Hospice is comfort care brought to every patient, whether in a private home, a nursing home, assisted living community or hospice house.

The Centers for Medicare and Medicaid Services has defined four kinds, or “levels,” of hospice care. One patient may experience all four levels, perhaps in just a week or ten days of hospice services. Another patient may experience one level of care throughout the duration of his or her hospice care. Each level of care meets specific needs, and every hospice patient is unique.

Every Medicare-certified hospice provider must provide these four levels of care:

Routine hospice care is the most common level of hospice care. With this type of care, an individual has elected to receive hospice care at their residence, which can include a private residence, assisted living facility or nursing facility.

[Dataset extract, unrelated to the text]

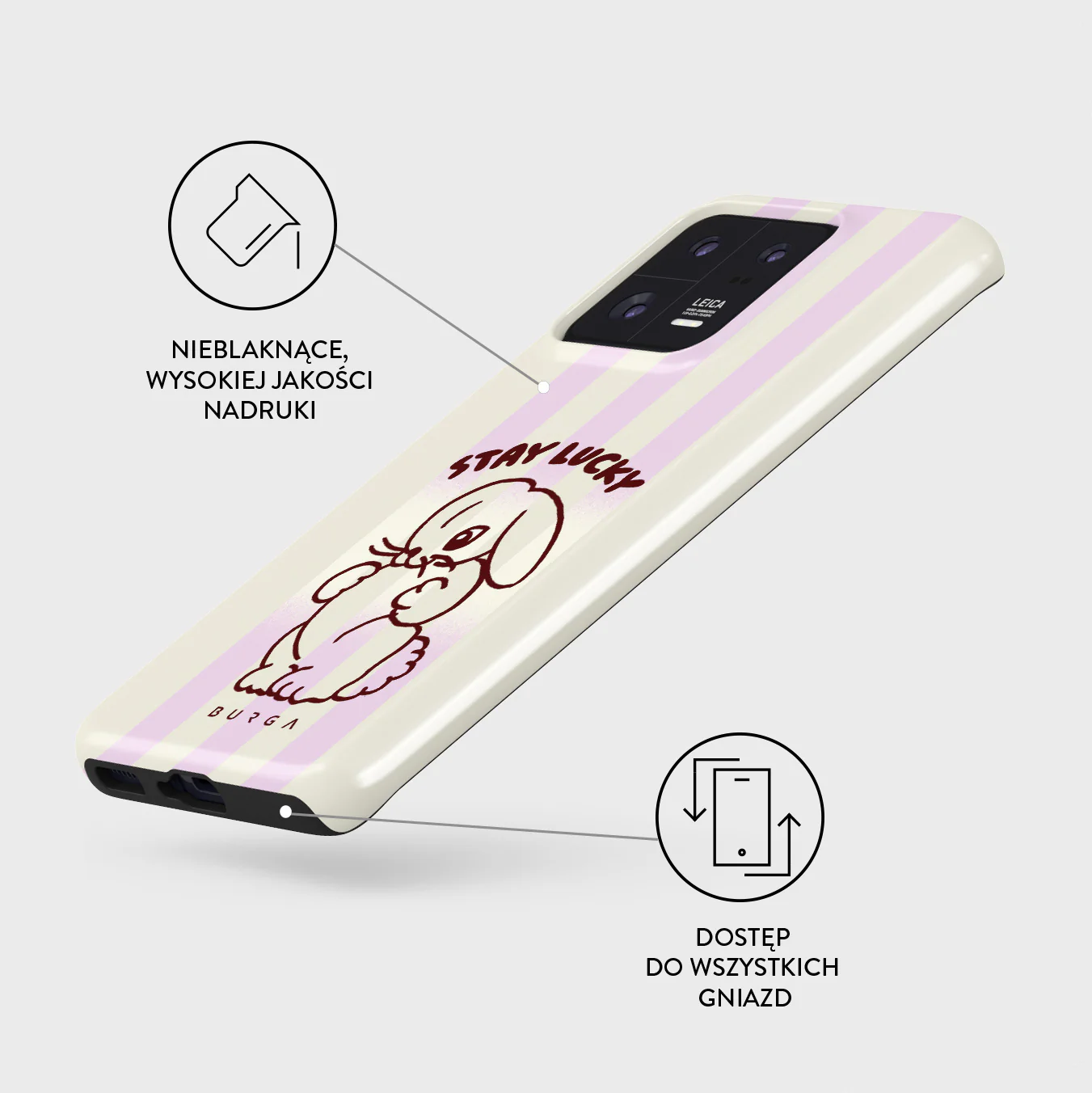 Stay Lucky - Xiaomi 13 Pro Etui - Image 3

General inpatient care is provided for pain control or other acute symptom management that cannot feasibly be provided in any other setting and begins when other efforts to manage symptoms have been ineffective. General Inpatient Care can be provided in a Medicare certified hospital, hospice inpatient facility or nursing facility that has a registered nurse available 24 hours a day to provide direct patient care.

Continuous home care is care provided for between eight and 24 hours a day to manage pain and other acute medical symptoms. Continuous home care services must be predominantly nursing care, supplemented with caregiver and hospice aide services and are intended to maintain the patient at home during a pain or symptom crisis.

Respite care is available to provide temporary relief to the patient’s primary caregiver. Respite care can be provided in a hospital, hospice facility or a long-term care facility that has sufficient 24-hour nursing personnel present on all shifts to guarantee that the patient’s needs are met. Respite care is provided for a maximum of five consecutive days.